Artificially intelligent: Salsa Sound on harnessing the power of the data in our audio sensors
By Rob Oldfield, co-founder and CEO, Salsa SoundWe rely on sensors so much these days, whether that be for temperature, speed, distance, heartrate and more, but often-times we fail to recognise the high volume of contextual data that is available through microphones.
Historically we have viewed microphones only as sound capture devices, but they are far more than that; they are data gatherers and what’s more, they are cheap and we already have several tens of them deployed for every broadcast.
One of the challenges up until now however has been harnessing, extracting and processing the data that comes in audio form to these sensors so we can make use of this valuable data source.
Wealth of information
Thankfully, with advances in artificial intelligence (AI) and machine learning we are now able to extract a wealth of information from these sensors. This information can be used in a variety of different parts of the sport broadcast workflow, improving production efficiency, quality of content, enabling new workflows and fundamentally improving audience experience.
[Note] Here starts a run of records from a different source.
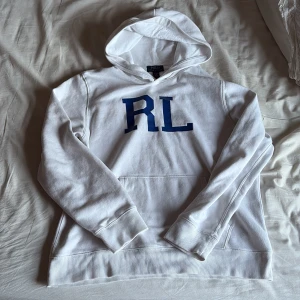 Vit hoodie från Polo Ralph Lauren - Säljer nu min vita hoodie från Polo Ralph Lauren i storlek barn XL. Tröjan har blå RL-tryck på bröstet, klassisk huva och magficka. Tröjan sitter som en S/M och vid bild me den på är de bara o skriva. Passar dig mellan 180-185 cm. Vid minsta lilla fråga är de bara o skriva!🙌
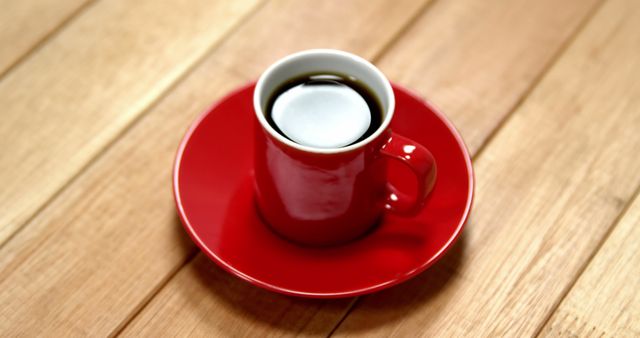 A red cup filled with coffee or tea sits on a matching saucer atop a wooden table, with copy space. Its vibrant color contrasts with the warm tones of the wood, suggesting a cozy break or morning routine.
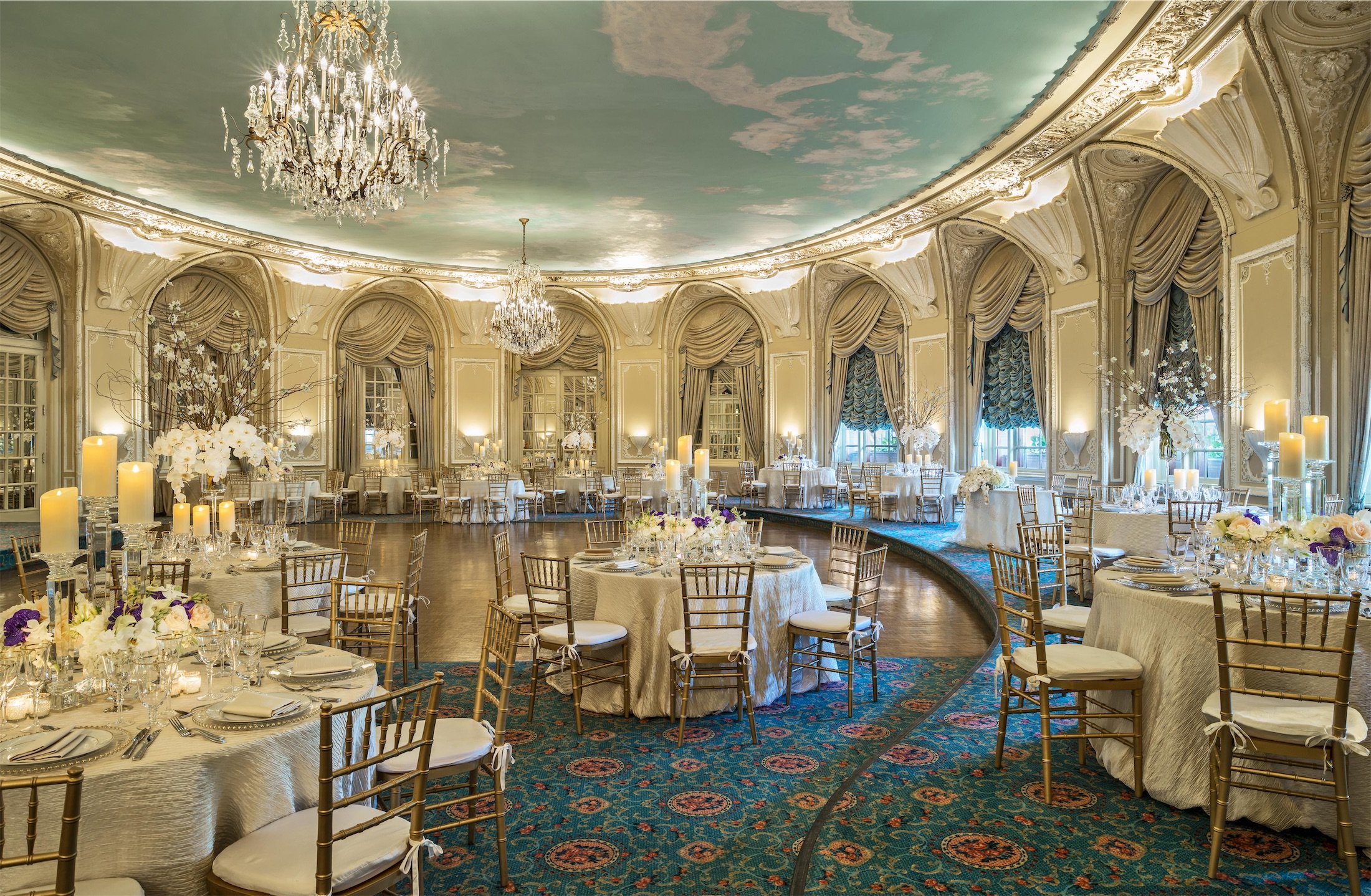 large oval shaped room set up for a wedding
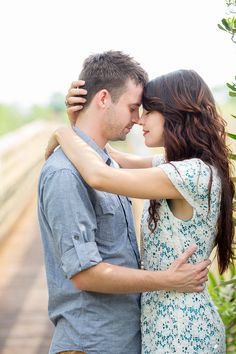 a young man and woman embracing each other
Areas where we have already seen AI for audio benefiting the broadcast industry and areas where we anticipate further development include the following:
- Automated/assistive audio mixing
- Automatic detection of errors/problems in the audio stream
- Auto classification of microphone inputs
- Suggested audio processors to be applied to specific microphones
- Generation of match metadata based on crowd analytics of available microphones
- Real time match metadata extraction – heat maps/play patterns, key event tagging eg ref’s whistle, corners, free kicks
- Additional tracking data source to verify/augment other sources
- Auto-highlight generation
- Graphic triggering
- Speech-to-text on eg, commentary feed for auto-subtitling and content metadata
- Automatic language detection
- Content archives – computing similarities/differences between sources, auto tagging/mining
All this can make it seem like AI is the panacea for all our problems and all you need to do is just throw the AI black box at any problem and it will magically get solved. Sadly, this is not quite the case, and a lot of development goes into successfully implementing and optimising these algorithms. It’s very easy to do AI wrong, but when it is done right it is an extremely powerful tool.
Right tools for the job
It’s also very important to make sure that we are using the right tools for the right job. Some tasks don’t even need AI at all (even if our marketing departments would like to think we were using it!). For the tasks where AI is appropriate, there are many different types of AI to choose from and choosing the correct one will dictate whether the application is successful or not.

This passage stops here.